Answer: Since Sue Pansky is a risk avoider she should invest in the corporate bonds. The bond would return 13% per year and at least $ 20,000 back at the end of the year.

2.Ray Cahn, who is currently a commodities broker, is also considering an investment, although he believes that there is only an 11% chance of success. What do you recommend?

Answer: Ray Cahn should choose the common stock alternative which will give highest payoff.

3.Lila Battle has decided to invest in Starting Right. While she believes that Julia has a good chance of being successful, Lila is a risk avoider and very conservative. What is your advice to Lila?

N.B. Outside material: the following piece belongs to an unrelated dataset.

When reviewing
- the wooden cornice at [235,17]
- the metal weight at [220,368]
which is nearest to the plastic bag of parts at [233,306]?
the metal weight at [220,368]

Answer: Just like Sue Pansky, Lila Battle is a risk avoider and very conservative. What sets them apart is that Lila believed that Julia has a good chance in being successful. Lilia should us the maximum decision criteria because she wants to avoid risk. The minimum or worst outcome for each alternative is identified, thus, Lila would select corporate bonds that reflects a pessimistic decision approach.

4.George Yates believes that there is an equally likely chance for success. What is your recommendation?

Answer: George believe that there is an equally likely chance for success, he could use the equally approach. This approach selects the alternative that maximize the row average. The decision is to select the common stock (CS) alternative with a now of $ 105,000.00

5.Peter Metarko is extremely optimistic about the market for the new baby food. What is your advice for Pete?

Answer: Since Peter Metarko is extremely optimistic he should choose the common stock, alternative this investment ( $ 30,000) would increase by a factor of 8 which is a maximum value. Thus, Peter is to select the CS alternative which is an optimistic decision approach....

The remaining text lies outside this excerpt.